[PATCH] --omit-dir-changes, qsort<>mergesort issues
Antti Tapaninen
aet at cc.hut.fi
Thu Jun 8 10:48:41 GMT 2006
On Wed, 7 Jun 2006, Matt McCutchen wrote:
> If, as I suspect, I am completely missing the point, please explain your
> problem in such a way that I have a hope of understanding!
Heh, sorry. Here's a new description of the process that hopefully makes
my goals more clear.
The index file that the tool maintains between sync's is just a textfile
that has three fields, the path/filename, mtime and the type of
path/filename (or MD5 sum, symlink dest).
/alt/root is the only directory where files get sync'ed between central
file server and client communication, either pushed or pulled.
/alt/local is an optional directory, anything on there overrides the
priority of files that might be on /alt/root.
/alt/backup/YYYYMMDD.HHMM hierarchy is primarily intended to save any
pre-existing vendor files on system, that we replace when
/alt/{local,root} gets sync'ed against the real root directory of a host.
The actual 4 stage sync process:
- Sync /alt/{local,root} against the real root directory,
backup replaced files to /alt/backup.
But because I *don't* want to backup any changed files that
previously came from /alt/{local,root}, I do a 3-way diff
against real root directory contents, old index and the
current status at /alt/{local,root}. Based on diff, the tool
generates an exclude file that prevents backing up our own
files that have recently changed "legally".
Because of this, usually the only files that get backed up are the
ones that have been overwritten by some recent OS package upgrade
operation.
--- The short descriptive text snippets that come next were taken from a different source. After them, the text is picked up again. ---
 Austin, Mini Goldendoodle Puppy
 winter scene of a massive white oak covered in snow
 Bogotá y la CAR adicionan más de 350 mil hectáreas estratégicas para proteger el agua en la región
Occasionally some configuration files gets backed up
because an administrator has touched the file *directly* without
using the /alt hierarchy. For example, made a temporary one-liner
change to /etc/hosts.allow. If the change was that important, the
admin can probably dig it up from /alt/backup.
- Like above, but sync without generated exclude file, just to
to make sure some less important changes to files get there.
- Let the tool itself handle unlinking of files that we no longer
distribute, similarly based on index diff like at stage #1.
- See if any /alt/backup directories exists, sort them on reverse
date order. Based on index diffs, exclude all files in index except
the ones that got removed at stage #3. Sync backup directories against
the real root directory. Use --remove-sent-files to make sure
that any restored vendor file isn't at backup directory after
sync, it only removes the latest version, not all of them.
Overall, the time spend on these 4 stages is usually a matter of
second(s). Between master<>client and in local sync operations, the
mergesorting rsync really helps to achieve this task easily without doing
much of the work outside of rsync.
Perhaps there could be some -M option to alter the sort algorithm used?
So far, I've used the mergesort() function from FreeBSD and it works
great.. but rsync would probably need a GPL'd version instead?